Dictionaries are useful ***unordered*** structure to map **keys** to **values**

In [None]:
tree_dict = {'genus' : 'Quercus',
             'species' : 'rubrum',
             'diameter' : 15.,
             'is_alive' : True}
print(tree_dict)

# OR
tree_dict={} # initialize an empty dictionary using {}
tree_dict['genus'] = 'Quercus'
tree_dict['species'] = 'rubrum'
tree_dict['diameter'] = 15.
tree_dict['is_alive'] = True

print(tree_dict)

print('age' in tree_dict.keys())
print('diameter' in tree_dict.keys())

for key, val in tree_dict.items():
    print(key,val)




### Challenge 1: Convert date string to decimal year

In [None]:
date_str="2021-Feb-10"

---
### 2. Numpy and Functions

Numpy is one of the most fundamental parts of the python "ecosystem" for science. Lots of packages are built on top of it.

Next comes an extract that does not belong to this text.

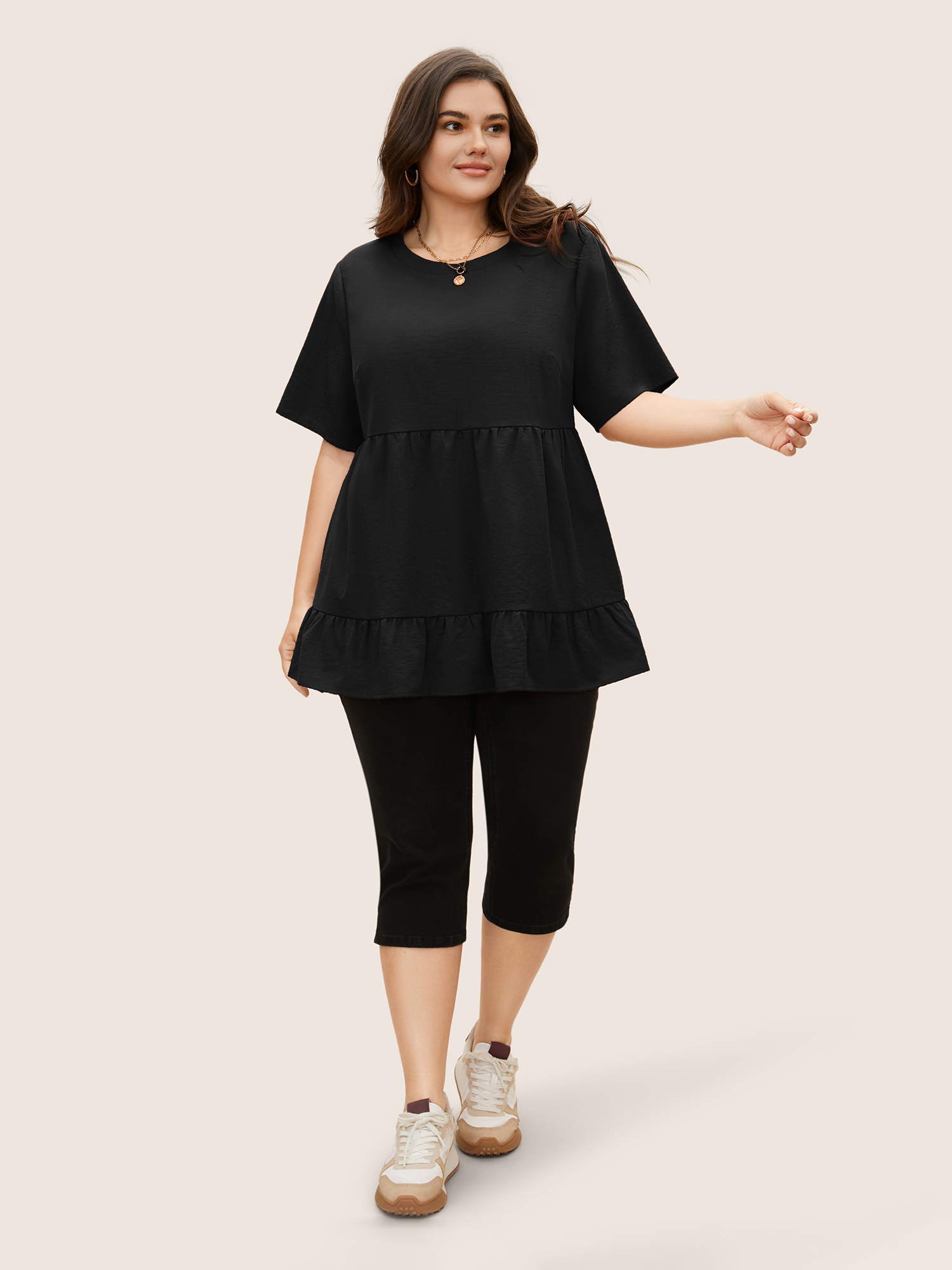 Plus Size Black Solid Crew Neck Ruffle Hem Blouse Women Casual Short sleeve Round Neck Everyday Blouses BloomChic 18-20/2X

Numpy includes support for large, multi-dimensional arrays and matrices, along with a large collection of high-level mathematical functions.

In [None]:
# import the package, similar to library command in R
import numpy as np  # notate the namespace to more specifically call numpy functions

In [None]:
arr = np.array([11.,12.5, 5.,7.])
print(arr.dtype)
print(arr.shape)


In [None]:
arr = np.array([[1,2,3],[4,5,6]])
print(arr.dtype)
print(arr.shape)
print(arr)

# note that python's matrix is column-first (c-style)
# elements in the last column are stored next to each other in the memory
# so any operation that manipulate the last column will be more efficient 
# than operating the first column
print(arr.ravel()) # ravel to one dimensional array


In [None]:
# useful commands to generate data/index

print(np.arange(1.,2.,0.25)) # left inclusive
print(np.linspace(1.,2.,5)) # left and right inclusive
print(np.logspace(1.,2.,5)) # default has a 10-base

# matric creation
print(np.zeros((3,3))) # 3-by-3 zero matrix
print(np.ones((4,4))) # 4-by-4 unity matrix
print(np.diag(np.arange(4))) # diagonal matrix

lon = np.linspace(-100,-80,21)
lat = np.linspace(20,30,11)

xx,yy = np.meshgrid(lat,lon) # useful for plotting spatial maps
print(xx.shape,yy.shape)
print(xx)

Lots of array operations in numpy are available. All the familiar arithmetic operators are applied on an element-by-element basis

In [None]:
abundance_mat = np.random.random(xx.shape) 
# generate a [0,1) random matrix with the same shape as xx
print(abundance_mat)

In [None]:
print(abundance_mat > 0.1) # places with abudnance larger than 0.1
print(sum((abundance_mat > 0.1).ravel())) # total number of elements with abundance larger than 0.1
print(sum((abundance_mat > 0.1).ravel()) / len(abundance_mat.ravel())) # should be close to 0.9

In [None]:
# numpy is efficient in matrix manipulation
# let's use a dot product as an example

# define a function to do dot product ourselves
def my_dot_prod(A,B):
    '''
        This is documentation for a function
    '''
    
    C = np.zeros_like(A)
    
    length = len(C.ravel())
    
    for i in range(length):
        C[i] = A[i] * B[i]
        
    return C

# use numpy dot product
def numpy_prod(A,B):
    
    return A * B


# lets check their performance
A = np.random.random(100)
B = np.random.random(100)

%timeit my_dot_prod(A,B)

%timeit numpy_prod(A,B)
    

Note that values of numeric variables changed in fuctions will not be kept but values of lists/matrices changed in python functions will be kept.

In [None]:
def modify_values(a):
    a = 1
    b = 1
    print(f'in function a,b = {a}, {b}')
    return (a,b)

a, b = 0, 0
new_a,new_b = modify_values(a)

print(f'after function a,b = {a}, {b}')
print(f'after function new_a,new_b = {new_a}, {new_b}')


In [None]:
# note that values of lists/matrices changed in python functions will be kept


def modify_list(A,B):
    A.append('new_element')
    B[0] = 1.
    return

A = []
B = np.arange(5)
modify_list(A,B)
print(A)
print(B)



### Challenge 2. Function to account for metabolic temperature sensitivity.
Various metabolic processes are sensitive to temperature due to changes in enzymatic activities. A simple quantitative descritpion of such temperature senstivity is through Q10 (qotient every 10 degree Celcius):

$X = X_0\times Q_{10}^{\frac{T-T_0}{10}}$ 

Write a function to calculate X for input T array given a tuple containing $X_0$, $T_0$, and $Q_{10}$.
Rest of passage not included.